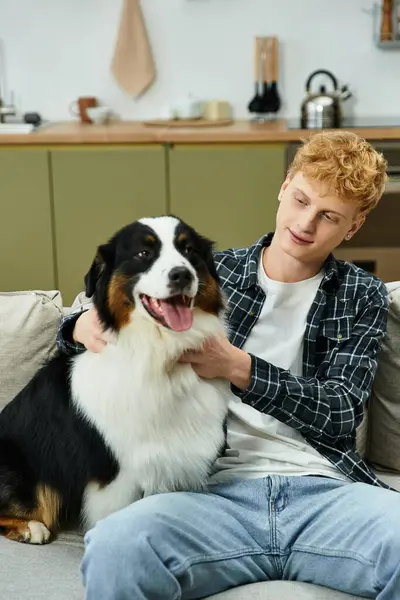 Inside a stylish apartment, a young redhead man shares a joyful moment with his Australian Shepherd. — Stock Photo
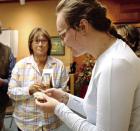 Paige Bump, an archeologist with the Kansas State Historical Society, looks over an artifact that was brought to the annual meeting. (Record Photo) Paige Bump, an archeologist with the Kansas State Historical Society, looks over an artifact that was brought to the annual meeting. (Record Photo)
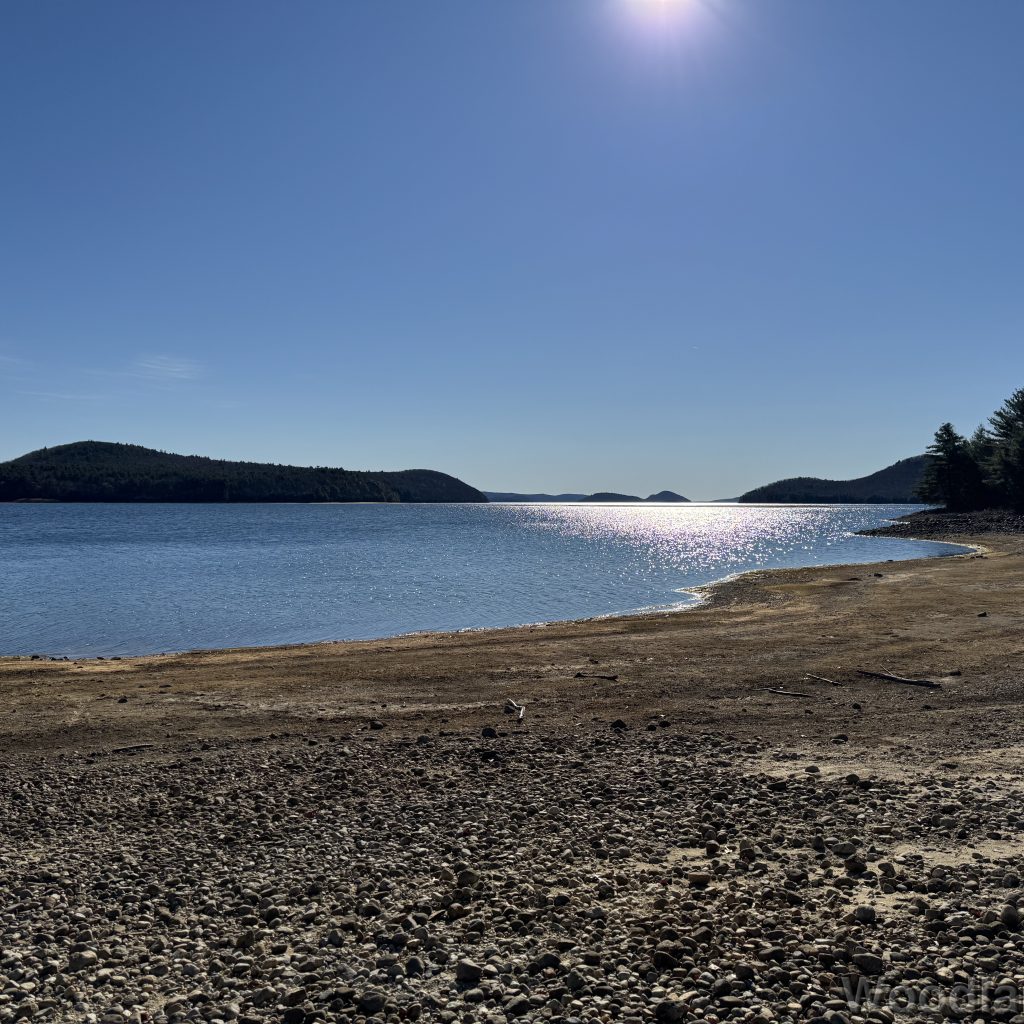 Sunlight shimmering off Quabbin Reservoir under a clear blue sky, distant terrain silhouetted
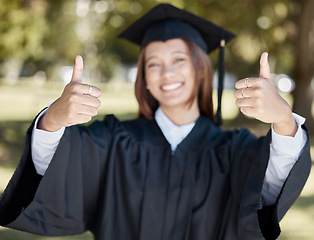 Image showing University, graduation and student with thumbs up for success, award and certificate ceremony. Education, college and happy girl graduate with hand sign for goals, victory and achievement on campus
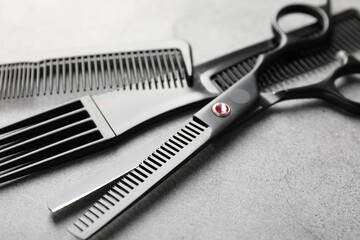 Different hairdresser's tools on grey table, closeup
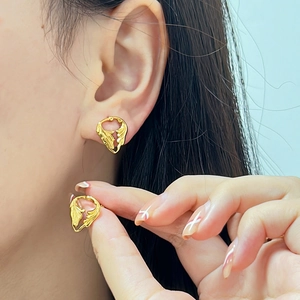 Close-up of 18K gold-plated irregular hollow heart wing earrings on model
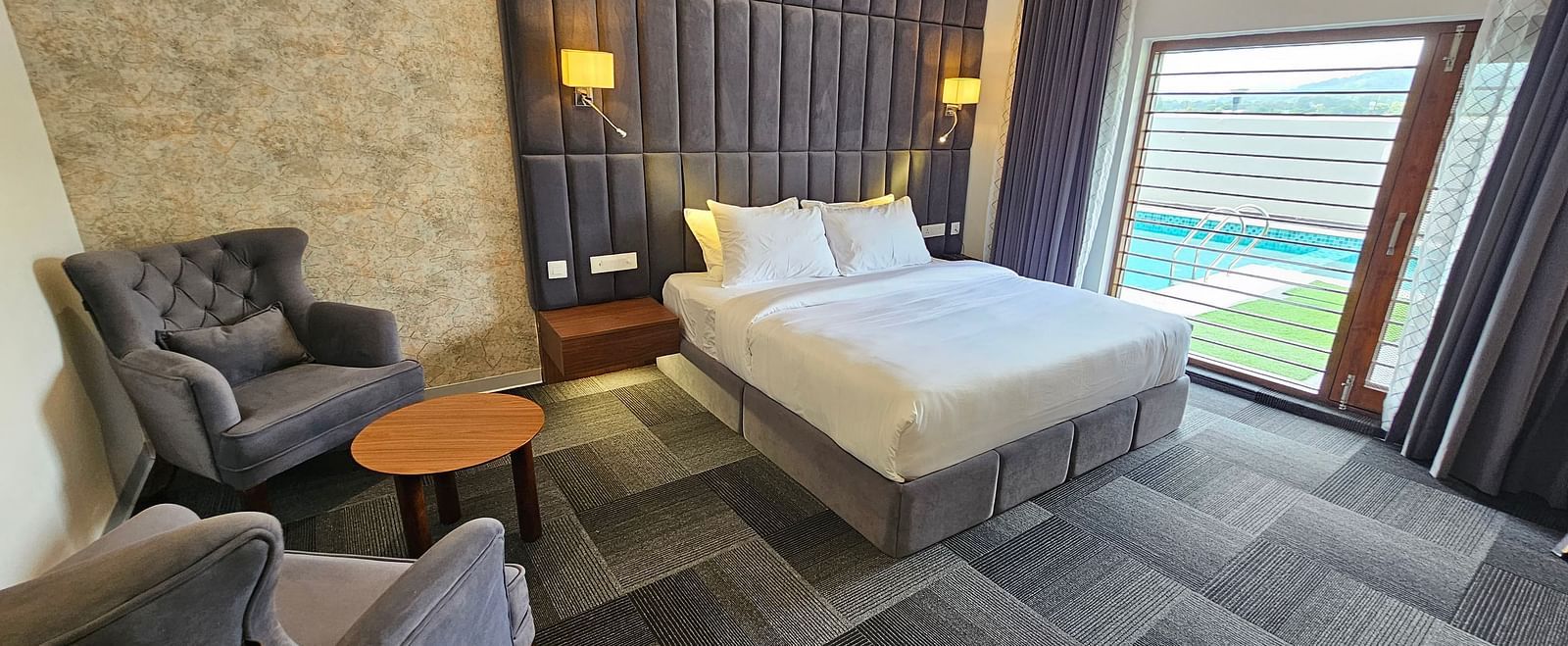 full view image of the premium room at Eminence The Corbett withe a comfortable double bed and huge windows besides it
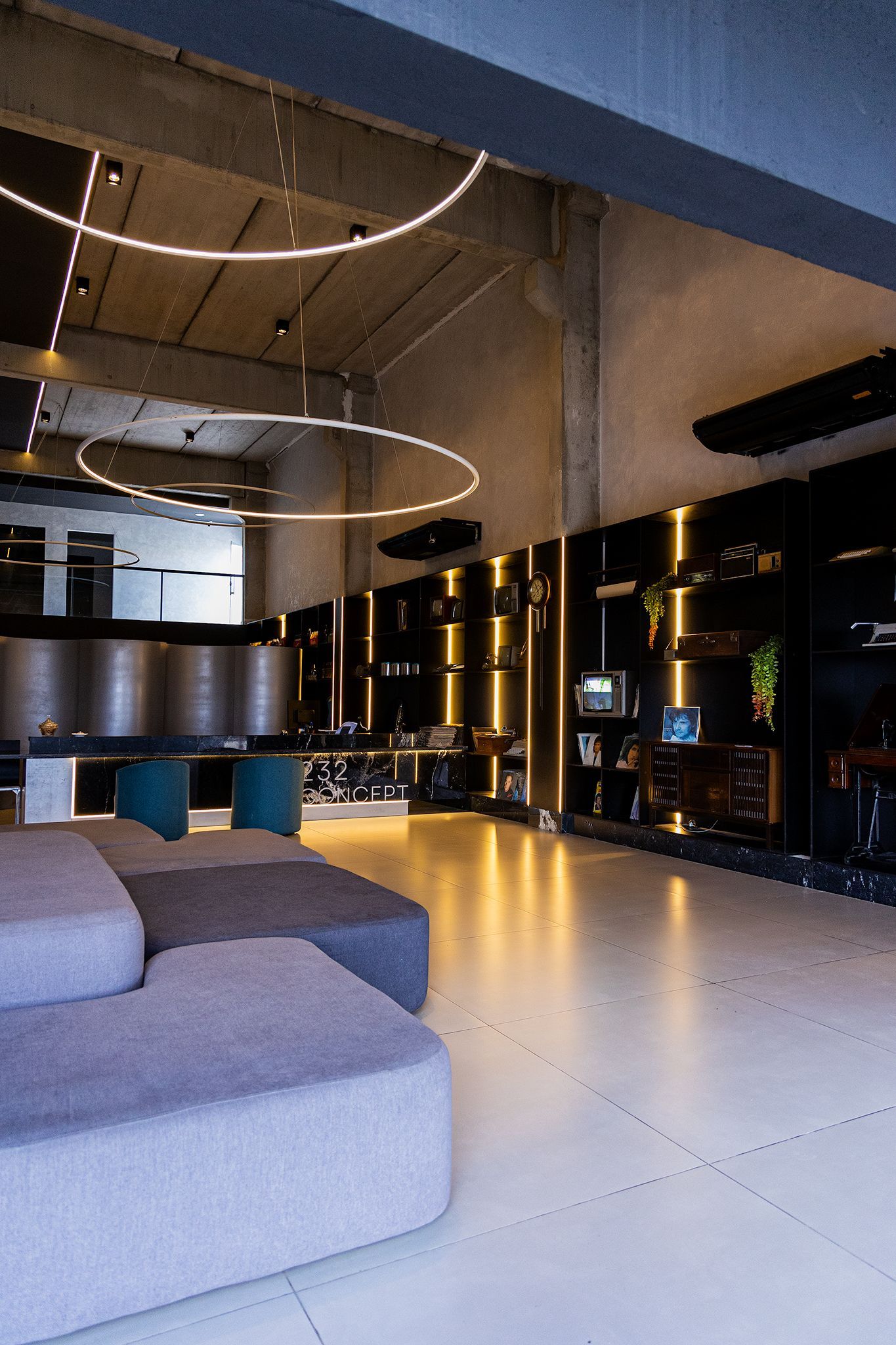 Interior moderno com sofás, prateleiras e luminárias circulares.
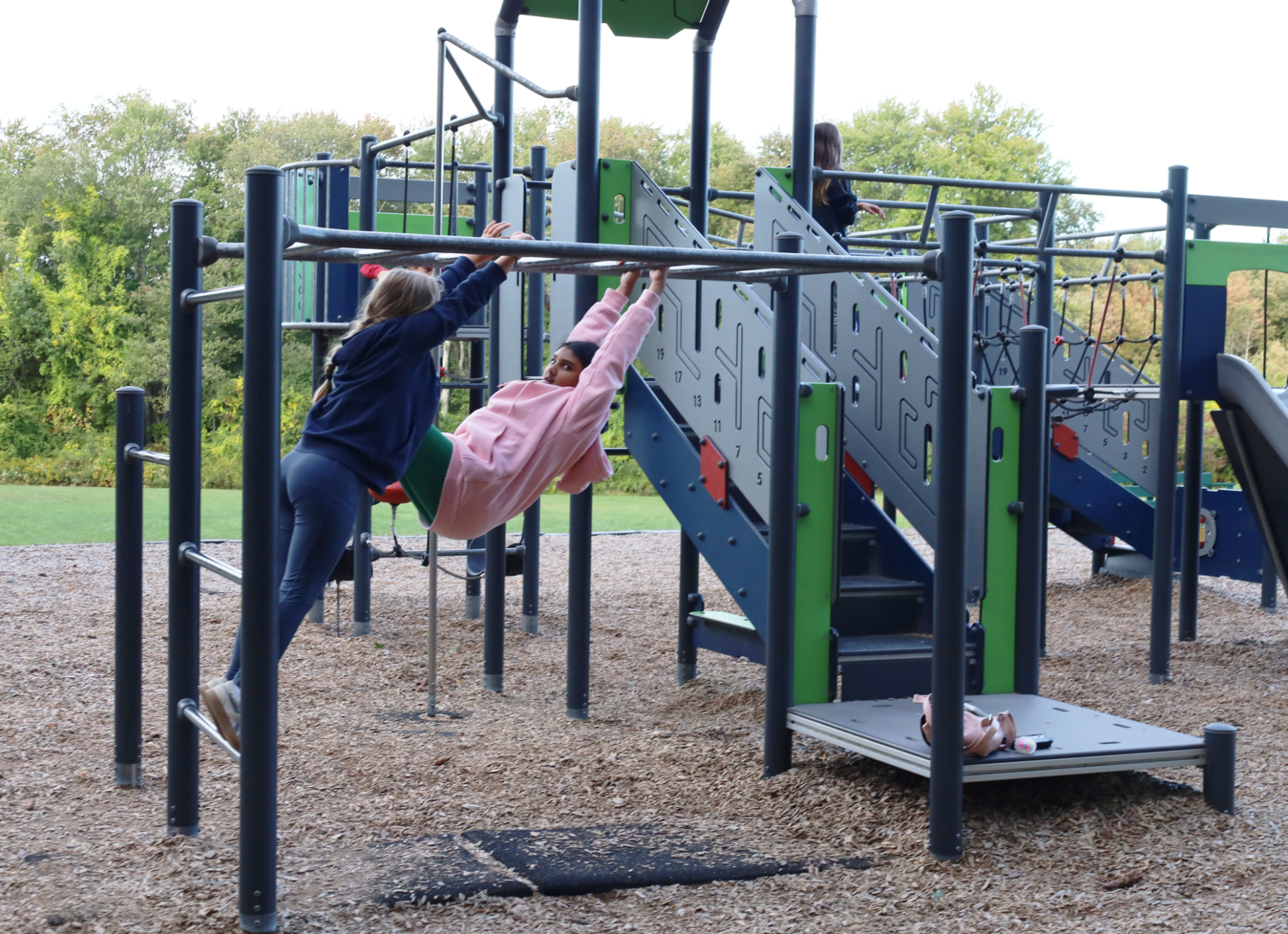 Children play on the equipment in the playground outside Byam Elementary School during the Back To School Social on Thursday, Sept. 24, 2026.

*Work task*: Write every record out again exactly as written. Pictures don't belong in the copy.

*Result below*:
 Inside a stylish apartment, a young redhead man shares a joyful moment with his Australian Shepherd. — Stock Photo
 Paige Bump, an archeologist with the Kansas State Historical Society, looks over an artifact that was brought to the annual meeting. (Record Photo) Paige Bump, an archeologist with the Kansas State Historical Society, looks over an artifact that was brought to the annual meeting. (Record Photo)
 Sunlight shimmering off Quabbin Reservoir under a clear blue sky, distant terrain silhouetted
 Image showing University, graduation and student with thumbs up for success, award and certificate ceremony. Education, college and happy girl graduate with hand sign for goals, victory and achievement on campus
 Different hairdresser's tools on grey table, closeup
 Close-up of 18K gold-plated irregular hollow heart wing earrings on model
 full view image of the premium room at Eminence The Corbett withe a comfortable double bed and huge windows besides it
 Interior moderno com sofás, prateleiras e luminárias circulares.
 Children play on the equipment in the playground outside Byam Elementary School during the Back To School Social on Thursday, Sept. 24, 2026.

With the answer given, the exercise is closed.